MATs, SATs and Maintained Schools

This post forms the second in a short series of blog posts about the current governance structure of schools in England, ahead of the Government’s expected while paper this spring. The previous post was about the review of the Education and Skills Funding Agency. In this post I focus on the landscape of school structures: multi-academy trusts (MATs), single-academy trusts (SATs) and local authority (LA) maintained schools from the perspective of a governor / trustee.

I will draw heavily on Sam Freedman’s report this month released by the Institute for Government as well as the excellent discussion in the Confederation of School Trusts’ report “What is a Strong Trust?“. One does not have to completely agree with Freedman’s or the CST’s perspectives to find both reports clear, well-argued, and a very useful step towards a greater debate in the education sector.

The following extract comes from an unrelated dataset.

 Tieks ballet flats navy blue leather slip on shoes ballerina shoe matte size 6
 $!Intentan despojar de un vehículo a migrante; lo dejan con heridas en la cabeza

Freedman notes what is obvious to anyone who has worked in or with the sector – that the current dual system of maintained schools and academies leads to significant duplication and inefficiency. He notes that the regulatory system for academies is ‘incoherent’, largely as a result of the ESFA/DfE split I dealt with in my last blog post. He mentions – quite rightly – that LAs’ statutory responsibility for SEND and certain safeguarding requirements further complicates the picture when they have no effective oversight or intervention powers over academy trusts.

Early Academisation Errors

My experience is that the rapid expansion of the academies programme after the Academies Act 2010 was mismanaged. We have been left with a patchwork of schools and a web of contractual agreements. Schools which converted early have often been left with legacy articles of association based on the early model articles which demonstrated little insight into how schools could evolve under poor governance (modern model articles are much improved, though not perfect). Regulators have been left with very limited powers to improve matters, and it should not have come as a surprise to government that – as Freedman states – “[By 2012/3] with things moving so fast it quickly became apparent that the Department for Education (DfE) was becoming overwhelmed and could not properly oversee that many schools.” The unfortunate reality is that many schools are still stuck with the legacy of poor decisions made during this period.

Three School Structures

There are currently three main models for schools in England: those which are part of a multi-academy trust (MAT), those which are a single-academy trust (SAT) and those maintained by local authorities. Often in these discussions the first two types of school are lumped together, and it becomes a discussion about academies versus non-academies, but I think these three situations deserve distinct analysis. In particular, oversight of an individual school’s performance in the maintained sector and in the MAT sector is, in my experience, stronger than in the SAT sector, which is the outlier in terms of sufficient oversight. I wonder how many SATs are maintaining an Ofsted grade above inadequate, and therefore not subject to intervention, but are nevertheless not performing at the level they might be if they had closer interaction with other schools.

It is clear to anyone who has worked with or for the education sector that schools benefit immensely from working together and supporting each other, and I agree with Leora Cruddas’s argument made at a governance meeting I attended last year that, in times of difficulty for a school, a compulsion to work with other schools is important. At the moment, this primarily comes through membership of a strong multi-academy trust, though I do not see why a strong, well-resourced and empowered Local Authority could not form an equally viable mechanism to drive school improvement.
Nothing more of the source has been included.